Scuola, il baratro Calabria
Già. «Se pensi che l’educazione sia costosa, prova a stimare il costo dell’ignoranza…»: questa battuta al fulmicotone è di Howard Gardner, il docente di Harvard che elaborò il concetto d’ “intelligenza multifattoriale”.
Il punto è che specialmente in territori “a rischio”, come scienziati, sociologi e uomini delle Istituzioni dicono (inutilmente) da decenni, l’ultima cosa su cui ci si potrebbe permettere di tagliare è l’istruzione… E in questo senso, va detto, le inedite parole da neopremier di Matteo Renzi avevano seminato ampie speranze, trattandosi del primo Presidente del Consiglio dei ministri nella storia d’Italia ad aver messo al “top” delle priorità proprio l’istruzione (e l’edilizia scolastica che in Calabria e a Reggio Calabria in particolare da anni langue a livelli terzomondisti: nel settore, Renzi ha poi fatto sapere che il Governo investirà 3 miliardi e 700 milioni di euro per rimettere in sesto 10mila scuole).
Invece purtroppo, dopo lo scandalo nazionale della totale assenza di asili nido pubblici in riva allo Stretto, giungono adesso notizie poco confortanti.
Nel riportare un’anticipazione della rivista di settore Orizzonte Scuola, infatti, l’Anief (Associazione nazionale insegnanti e formatori) sottolinea come l’idea di contenere i costi della “macchina” della scuola nel nostro Paese, strettamente connessa con spending review & affini…, nasconda sottotraccia ingiustizie spaventose dietro l’angolo.
Per esempio, la progressiva caducazione del Sistema Istruzione nel Mezzogiorno. E specialmente in Calabria.

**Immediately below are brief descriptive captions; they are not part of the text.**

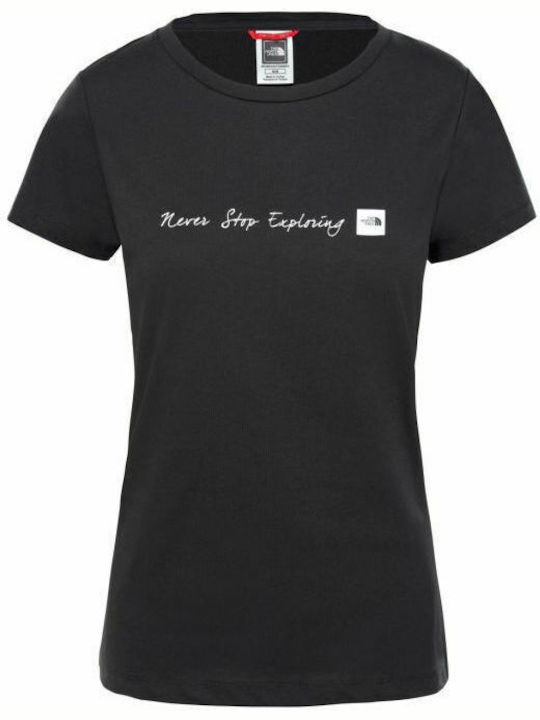 Γυναικείο T-shirt Μαύρο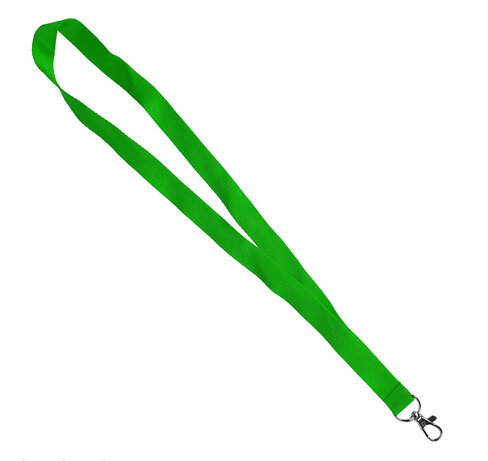 Ланъярд NECK, зеленый, полиэстер, 2х50 см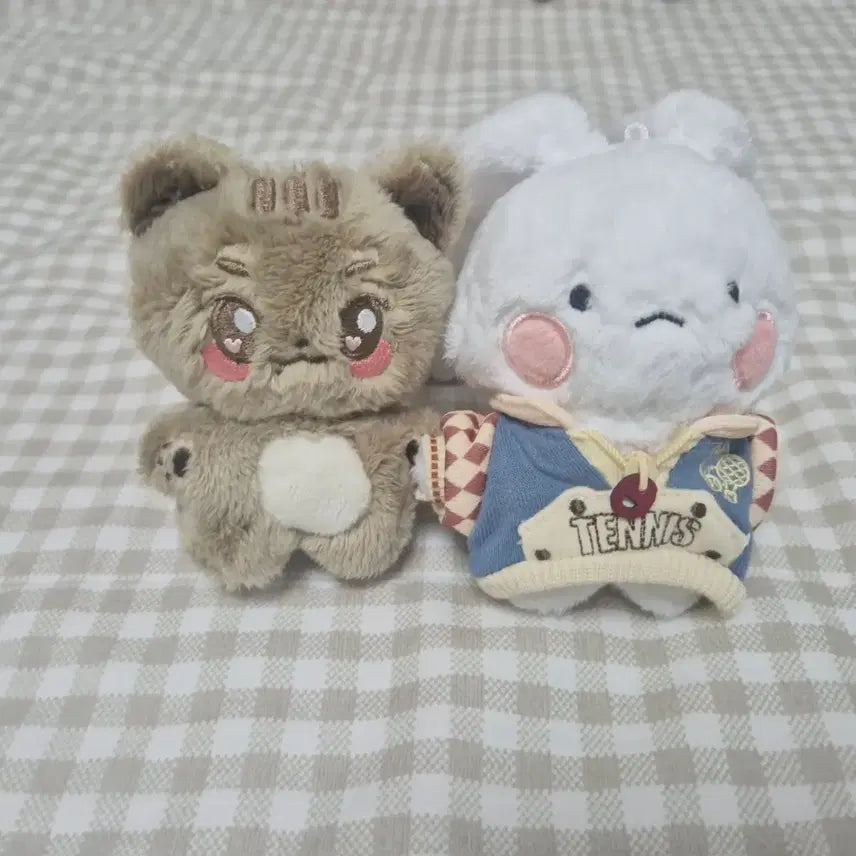 [BUNJANG] BTOB Minhyuk Changsub Unofficial Doll Bundle Set / BTOB 민혁,창섭 비공굿 인형 팝니다.(가격 제시 환영)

«Poiché gli organici non possono essere modificati e gli alunni in talune regioni aumentano, spostiamo cattedre da una regione all’altra. A saldo invariato», fa notare la “mitica” rivista degli operatori scolastici. E questo malgrado il prossimo anno sia in cantiere un incremento stimato di 33.997 unità del numero complessivo degli alunni. E soprattutto a dispetto del fatto che nel sessennio 2007-2012 gli organici della Scuola italiana abbiano già perduto almeno 100mila docenti complessivamente.
Ma a perdere docenti l’anno prossimo, ecco l’inghippo! (…la gàbola, se preferite lemmi più usati da Roma in su…), saranno solo territori meridionali.
Certo, l’Umbria avrà una diminuzione di 11 docenti e si tratta di una regione del Centro Italia. Va bene…
…Anche l’Abruzzo che perderà 14 cattedre, lo considerate una regione del Centro? Va bene…
…Dite che la Sardegna (-27) e la Sicilia (che avrà una micidiale diminuzione di ben 504 cattedre), benché chiaramente territori meridionali, sono isole? Va bene…
…Resta il fatto che, escamotage geografici o meno, la Campania perderà 387 cattedre. La Puglia, 340. E la Calabria, nel suo “piccolo”, avrà 183 insegnanti in meno. Con un indice di riduzione di docenti allucinante (infatti il taglio sarà di 183 posti a fronte però di neanche 2 milioni d’abitanti, quando regioni come la Puglia, che si vedranno decurtate 340 cattedre, vantano però oltre il doppio della popolazione) in un territorio assolutamente “a rischio” e sul quale l’incidenza della non-istruzione dovrebbe far nascere appropriati interrogativi. Ben oltre il mero dato economicistico.
A proposito: chi lo dice, ora, al neoministro competente Stefania Giannini, pronta a sottolineare solo poche ore fa che «occuparsi delle scuole è un dovere fondamentale di un Paese avanzato»?